- **Task to complete**
Return all of the data exactly as written, without the pictures.

- **Information shown**
※ ※ ※

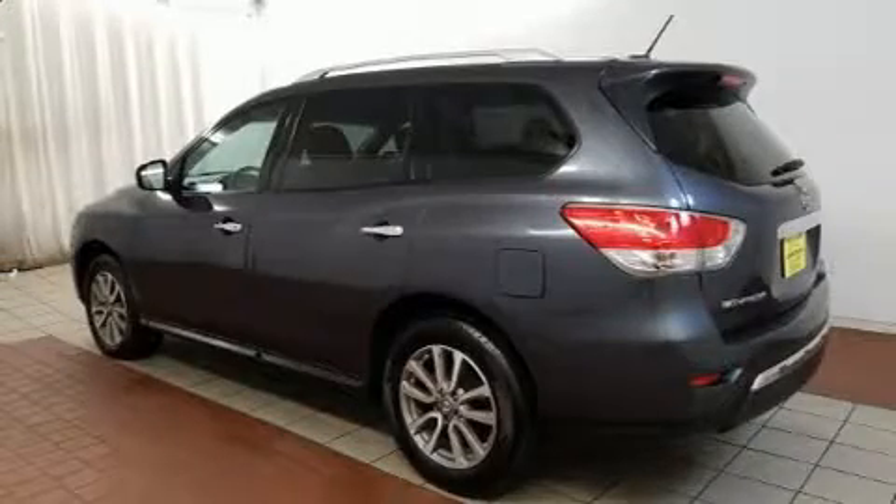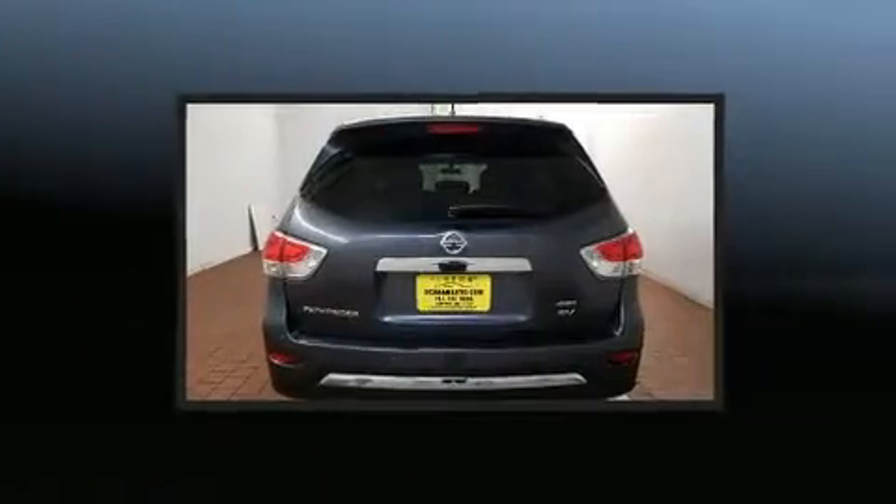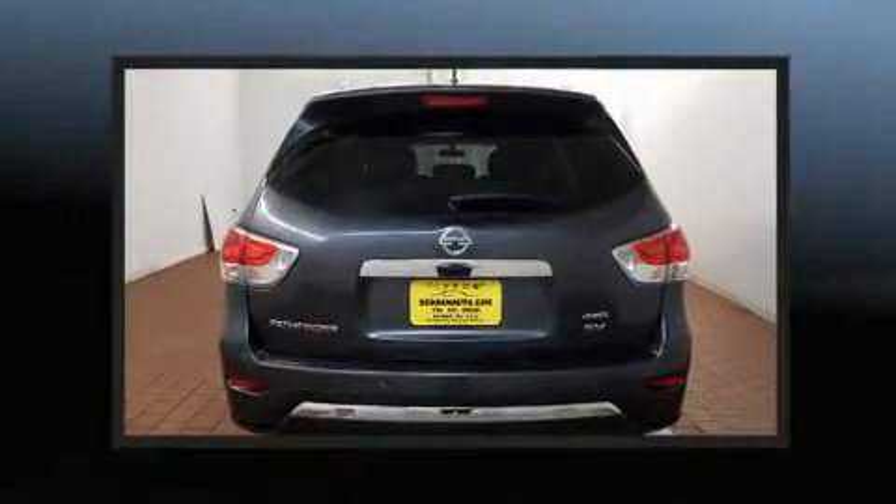You can expect a lot from the 2014 Nissan Pathfinder. It features an automatic transmission, four-wheel drive, and a 3.5-liter six-cylinder engine.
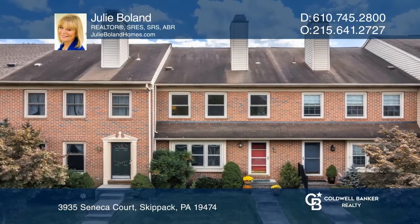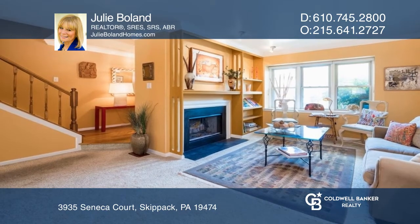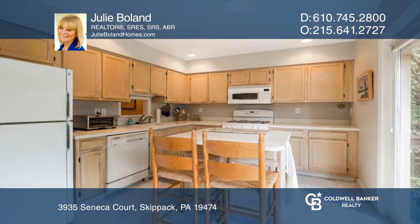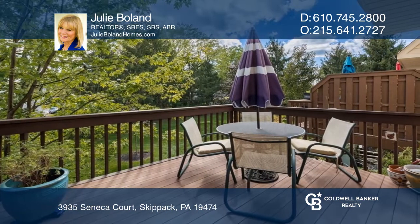This perfect townhome offers a beautiful living room with a cozy wood-burning fireplace, a formal dining room, and a light-filled kitchen with atrium doors leading out to a private, spacious, maintenance-free deck.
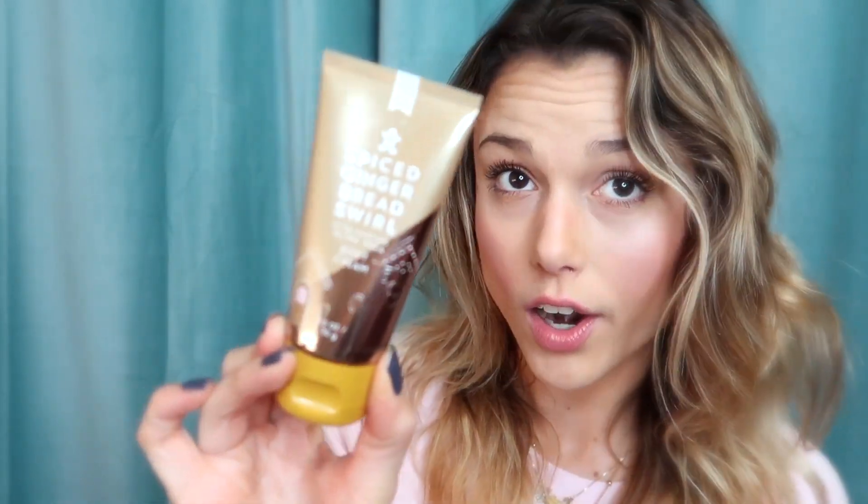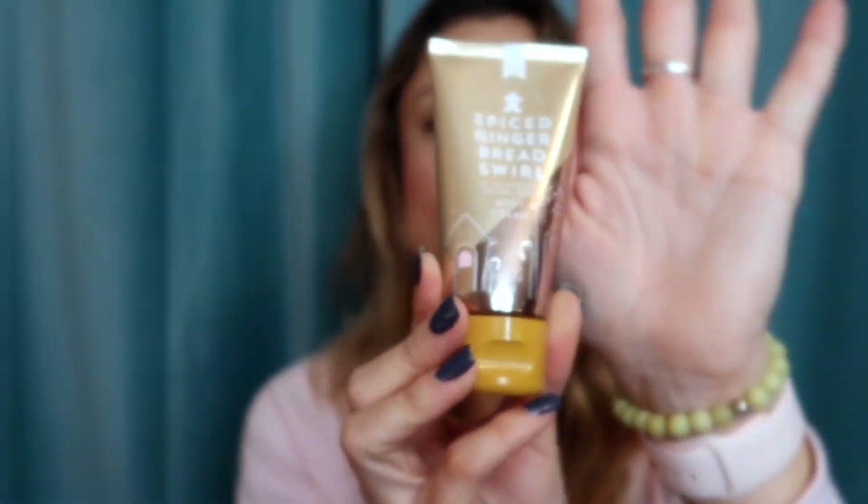I also purchased the Spiced Gingerbread Swirl travel-size body cream. I keep this one in my car — so if I'm ever running low on moisturizer or I've been out all day, like in nursing school where you wash your hands a million times, I have this handy. It's a pretty decent size and really convenient. Just one girl recommending some Christmas things to another!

※ ※ ※

- **Answer**
You can expect a lot from the 2014 Nissan Pathfinder. It features an automatic transmission, four-wheel drive, and a 3.5-liter six-cylinder engine.
This perfect townhome offers a beautiful living room with a cozy wood-burning fireplace, a formal dining room, and a light-filled kitchen with atrium doors leading out to a private, spacious, maintenance-free deck.
I also purchased the Spiced Gingerbread Swirl travel-size body cream. I keep this one in my car — so if I'm ever running low on moisturizer or I've been out all day, like in nursing school where you wash your hands a million times, I have this handy. It's a pretty decent size and really convenient. Just one girl recommending some Christmas things to another!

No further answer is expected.